What is the Difference Between HG19 and HG38?

🆚 Go to Comparative Table 🆚

HG19 and HG38 are human reference genomes developed by the Genome Reference Consortium. They serve as a basis for mapping DNA sequences for phylogenetic and bioinformatic analysis. The key differences between HG19 and HG38 are:

  1. Regions with alternate loci: HG19 has 7 regions with alternate loci, while HG38 has 207 regions with alternate loci.
  2. Year of development: HG19 was developed in 2009, while HG38 was developed in 2017.
  3. Genome coverage: HG38 has better genome coverage than HG19, with around 6.5% of the bases in HG19 and 4.4% of the bases in HG38 having no reads aligned.
  4. Variant calling: Calling with HG38 generates more single nucleotide variants (SNVs) than calling with HG19.
  5. Alignment: For genomic regions with intermediate amounts of aligned reads, HG19 and HG38 perform equally well. However, for regions with very high or very low amounts of aligned reads, HG19 and HG38 more often produce different alignments.
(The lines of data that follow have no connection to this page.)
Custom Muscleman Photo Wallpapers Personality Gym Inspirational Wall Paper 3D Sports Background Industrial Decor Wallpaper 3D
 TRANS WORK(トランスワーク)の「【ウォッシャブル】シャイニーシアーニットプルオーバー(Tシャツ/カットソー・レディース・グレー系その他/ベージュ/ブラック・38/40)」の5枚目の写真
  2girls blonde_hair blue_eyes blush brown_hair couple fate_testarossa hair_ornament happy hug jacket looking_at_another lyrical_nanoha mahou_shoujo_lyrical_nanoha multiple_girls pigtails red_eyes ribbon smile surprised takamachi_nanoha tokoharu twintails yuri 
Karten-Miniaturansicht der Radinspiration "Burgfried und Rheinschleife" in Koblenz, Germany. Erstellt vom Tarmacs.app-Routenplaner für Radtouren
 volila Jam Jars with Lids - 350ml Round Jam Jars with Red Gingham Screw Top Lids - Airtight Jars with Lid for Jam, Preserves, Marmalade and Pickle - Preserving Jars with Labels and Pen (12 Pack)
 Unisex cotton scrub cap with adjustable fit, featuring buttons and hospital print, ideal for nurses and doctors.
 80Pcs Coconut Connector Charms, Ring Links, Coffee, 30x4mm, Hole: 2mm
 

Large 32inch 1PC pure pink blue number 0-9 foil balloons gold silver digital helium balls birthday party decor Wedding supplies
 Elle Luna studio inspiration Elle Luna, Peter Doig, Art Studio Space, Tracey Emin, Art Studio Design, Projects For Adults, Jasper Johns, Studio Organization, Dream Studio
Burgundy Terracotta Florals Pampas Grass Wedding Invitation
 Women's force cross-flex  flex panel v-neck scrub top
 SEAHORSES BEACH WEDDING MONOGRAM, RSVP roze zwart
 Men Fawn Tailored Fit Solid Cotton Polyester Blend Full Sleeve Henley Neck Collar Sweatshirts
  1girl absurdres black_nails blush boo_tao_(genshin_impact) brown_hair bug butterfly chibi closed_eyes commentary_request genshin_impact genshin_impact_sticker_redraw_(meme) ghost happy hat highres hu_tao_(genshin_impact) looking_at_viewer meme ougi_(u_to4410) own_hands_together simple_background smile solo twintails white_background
When analyzing clinical exome sequencing data, it has been observed that there are some variants present in HG19 that are not seen in HG38, and vice versa. It is generally found that more variants are called when using HG38 than with HG19.

Comparative Table: HG19 vs HG38

HG19 and HG38 are human reference genomes with some differences in their structures and properties. Here is a table summarizing the key differences between HG19 and HG38:

Feature HG19 HG38
Regions with alternate loci (gaps) 7 207
Date developed 2009 2017
Number of gaps between scaffoldings 271 349

Source:

The newer genome version (HG38) has better genome coverage and is generally more accurate than the older version (HG19). Additionally, converting from HG38 to HG19 is more error-prone than the opposite direction. Given these differences, it is recommended to use HG38 for sequencing data analysis aimed at variant calling.